Die Kognak- und Likörfabrik war eines der ersten Industrieunternehmen in Langen, ihr Ursprung führt bis in Jahr 1833 zurück. Damals nahm Georg Martin Scherer im Gasthaus „Sonne“ eine kleine Brennerei in Betrieb, die sich unter Kommerzienrat Karl Scherer kräftig ausdehnte und zu einer großen Spirituosenfabrik wurde. Dr. Walter Scherer, der jüngere Sohn des Kommerzienrats, führte mit großem Erfolg die Herstellung von Apfelwein und Fruchtsäften ein. Die Fabrik hatte in ihren besten Zeiten eine Belegschaft von 60 bis 70 Mitarbeitern. Der Versand erfolgte vielfach per Schiff ab dem Frankfurter Hafen – die Produkte gingen auf dem Wasserweg in alle Welt. In den 1960er Jahren war die Dr. Walter Scherer GmbH dann der Konkurrenz von Großbetrieben nicht mehr gewachsen und stellte den Betrieb ein.

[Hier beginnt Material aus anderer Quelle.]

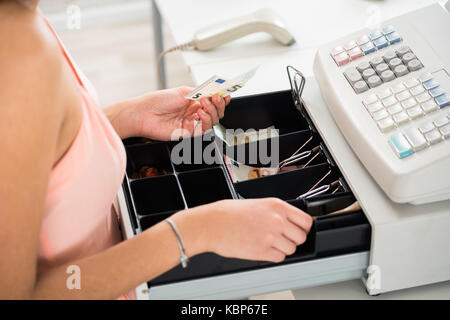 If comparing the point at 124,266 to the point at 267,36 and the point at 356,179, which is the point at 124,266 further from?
the point at 267,36

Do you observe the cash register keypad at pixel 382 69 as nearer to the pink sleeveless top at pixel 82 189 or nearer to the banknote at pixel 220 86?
the banknote at pixel 220 86

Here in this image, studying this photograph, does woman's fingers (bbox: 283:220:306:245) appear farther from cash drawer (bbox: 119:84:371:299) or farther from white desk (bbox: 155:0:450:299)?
white desk (bbox: 155:0:450:299)

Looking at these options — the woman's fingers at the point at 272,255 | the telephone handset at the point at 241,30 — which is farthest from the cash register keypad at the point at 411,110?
the telephone handset at the point at 241,30

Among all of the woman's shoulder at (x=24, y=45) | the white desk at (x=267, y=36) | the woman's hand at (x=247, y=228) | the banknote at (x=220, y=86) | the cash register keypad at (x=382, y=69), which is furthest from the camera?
the white desk at (x=267, y=36)

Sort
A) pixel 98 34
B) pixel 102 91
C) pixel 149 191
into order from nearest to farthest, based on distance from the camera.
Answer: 1. pixel 149 191
2. pixel 102 91
3. pixel 98 34

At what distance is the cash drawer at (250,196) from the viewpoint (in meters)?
0.70

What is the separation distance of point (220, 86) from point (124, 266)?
15.5 inches

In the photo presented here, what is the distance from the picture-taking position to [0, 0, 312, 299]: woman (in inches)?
21.7

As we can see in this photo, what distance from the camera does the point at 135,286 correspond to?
657 millimetres

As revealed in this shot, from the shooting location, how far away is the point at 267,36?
129cm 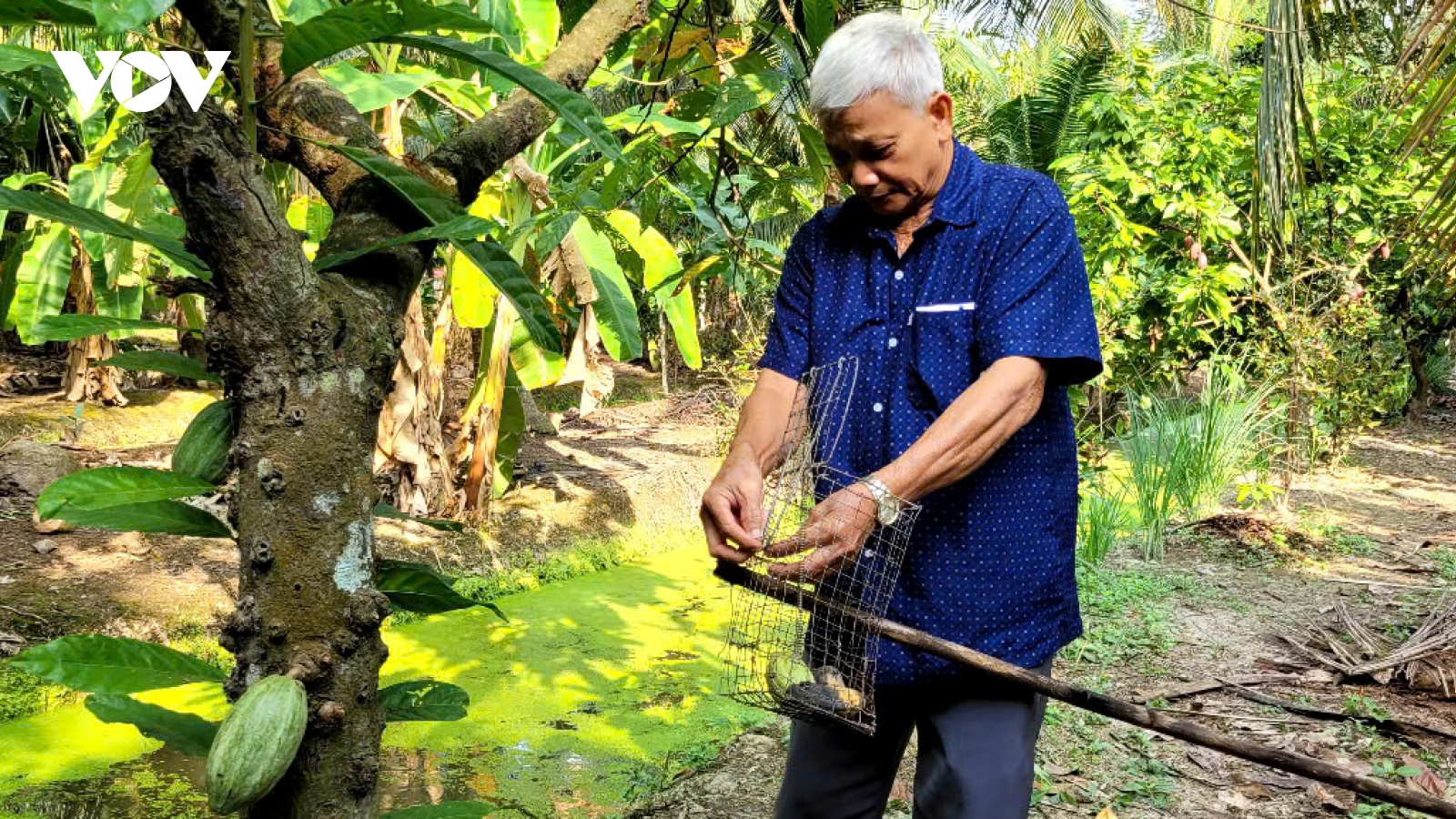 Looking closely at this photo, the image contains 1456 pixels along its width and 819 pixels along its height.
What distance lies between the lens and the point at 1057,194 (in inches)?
63.3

Mit dem Konzept zur Wohnbebauung des Scherer-Areals und dem Bebauungsplan beschäftigt sich der Ausschuss für Umwelt, Bau und Verkehr am Mittwoch, 12. Februar. Der Beschluss ist in der Stadtverordnetenversammlung am Donnerstag, 6. März, geplant. Beide Sitzungen beginnen um 20 Uhr im Rathaus.